WHAT NEEDS TO BE DONE: Return, word for word, only the lines of the data below that lie between the line with "Blue Banana Rose" and the line with "A-Premium Front Driver", those two lines included.

------ GIVEN ENTRIES ------

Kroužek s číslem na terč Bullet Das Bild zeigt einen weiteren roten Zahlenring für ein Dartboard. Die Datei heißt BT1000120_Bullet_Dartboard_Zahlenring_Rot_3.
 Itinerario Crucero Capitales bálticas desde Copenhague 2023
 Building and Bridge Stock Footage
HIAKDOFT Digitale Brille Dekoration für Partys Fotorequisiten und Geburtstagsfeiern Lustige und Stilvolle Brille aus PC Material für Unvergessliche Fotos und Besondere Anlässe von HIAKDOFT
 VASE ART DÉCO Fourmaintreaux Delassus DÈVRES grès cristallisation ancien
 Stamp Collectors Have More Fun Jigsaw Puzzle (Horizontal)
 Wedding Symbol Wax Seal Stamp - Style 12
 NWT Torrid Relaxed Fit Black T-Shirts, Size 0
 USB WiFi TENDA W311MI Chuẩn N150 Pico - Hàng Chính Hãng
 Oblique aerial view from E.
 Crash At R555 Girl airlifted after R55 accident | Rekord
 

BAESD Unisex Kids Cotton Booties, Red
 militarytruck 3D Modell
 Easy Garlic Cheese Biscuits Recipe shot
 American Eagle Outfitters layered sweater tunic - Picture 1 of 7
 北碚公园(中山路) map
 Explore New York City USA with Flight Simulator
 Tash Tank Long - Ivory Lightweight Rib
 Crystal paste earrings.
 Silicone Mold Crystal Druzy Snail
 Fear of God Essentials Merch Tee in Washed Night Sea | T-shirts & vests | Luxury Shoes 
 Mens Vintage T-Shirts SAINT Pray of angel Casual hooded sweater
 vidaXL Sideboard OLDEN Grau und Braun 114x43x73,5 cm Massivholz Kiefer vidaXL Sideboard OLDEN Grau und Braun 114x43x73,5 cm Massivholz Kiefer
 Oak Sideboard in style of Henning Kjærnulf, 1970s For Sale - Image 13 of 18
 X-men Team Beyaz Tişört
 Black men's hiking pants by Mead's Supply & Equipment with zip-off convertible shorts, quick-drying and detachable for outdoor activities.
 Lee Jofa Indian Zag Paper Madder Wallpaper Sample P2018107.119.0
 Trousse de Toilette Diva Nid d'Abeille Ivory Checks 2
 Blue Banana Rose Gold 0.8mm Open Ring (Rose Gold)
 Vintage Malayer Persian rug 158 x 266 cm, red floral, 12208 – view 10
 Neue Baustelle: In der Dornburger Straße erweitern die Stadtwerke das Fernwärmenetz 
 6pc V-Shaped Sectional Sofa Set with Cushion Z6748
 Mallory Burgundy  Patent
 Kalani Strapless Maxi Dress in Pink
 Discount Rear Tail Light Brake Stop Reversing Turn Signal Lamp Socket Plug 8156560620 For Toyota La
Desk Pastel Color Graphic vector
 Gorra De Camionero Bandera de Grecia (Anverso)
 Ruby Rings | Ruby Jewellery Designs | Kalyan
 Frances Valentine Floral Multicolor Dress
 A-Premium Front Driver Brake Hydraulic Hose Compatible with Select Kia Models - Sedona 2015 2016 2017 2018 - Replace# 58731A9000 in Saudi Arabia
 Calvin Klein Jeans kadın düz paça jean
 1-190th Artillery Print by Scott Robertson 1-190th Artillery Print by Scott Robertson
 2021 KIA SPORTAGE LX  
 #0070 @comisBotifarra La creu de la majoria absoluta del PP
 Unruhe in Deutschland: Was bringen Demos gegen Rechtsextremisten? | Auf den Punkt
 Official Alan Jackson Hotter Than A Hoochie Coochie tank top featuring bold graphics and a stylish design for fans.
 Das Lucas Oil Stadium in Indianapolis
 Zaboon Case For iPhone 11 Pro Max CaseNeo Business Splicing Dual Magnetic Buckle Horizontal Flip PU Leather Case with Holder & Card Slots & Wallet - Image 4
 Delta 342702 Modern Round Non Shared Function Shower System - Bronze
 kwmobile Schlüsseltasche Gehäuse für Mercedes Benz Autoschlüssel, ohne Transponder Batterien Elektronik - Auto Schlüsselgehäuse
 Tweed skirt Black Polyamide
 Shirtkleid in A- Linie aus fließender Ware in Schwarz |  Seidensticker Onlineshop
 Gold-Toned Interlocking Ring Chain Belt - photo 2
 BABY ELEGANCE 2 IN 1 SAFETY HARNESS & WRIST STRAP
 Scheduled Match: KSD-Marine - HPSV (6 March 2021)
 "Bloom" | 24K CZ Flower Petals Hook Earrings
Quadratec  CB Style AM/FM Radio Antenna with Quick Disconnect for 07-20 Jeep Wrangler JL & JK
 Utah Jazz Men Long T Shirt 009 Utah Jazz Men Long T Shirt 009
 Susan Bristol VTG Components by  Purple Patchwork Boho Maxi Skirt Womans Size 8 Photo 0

------

SOLUTION TO THIS EXERCISE:
 Blue Banana Rose Gold 0.8mm Open Ring (Rose Gold)
 Vintage Malayer Persian rug 158 x 266 cm, red floral, 12208 – view 10
 Neue Baustelle: In der Dornburger Straße erweitern die Stadtwerke das Fernwärmenetz 
 6pc V-Shaped Sectional Sofa Set with Cushion Z6748
 Mallory Burgundy  Patent
 Kalani Strapless Maxi Dress in Pink
 Discount Rear Tail Light Brake Stop Reversing Turn Signal Lamp Socket Plug 8156560620 For Toyota La
Desk Pastel Color Graphic vector
 Gorra De Camionero Bandera de Grecia (Anverso)
 Ruby Rings | Ruby Jewellery Designs | Kalyan
 Frances Valentine Floral Multicolor Dress
 A-Premium Front Driver Brake Hydraulic Hose Compatible with Select Kia Models - Sedona 2015 2016 2017 2018 - Replace# 58731A9000 in Saudi Arabia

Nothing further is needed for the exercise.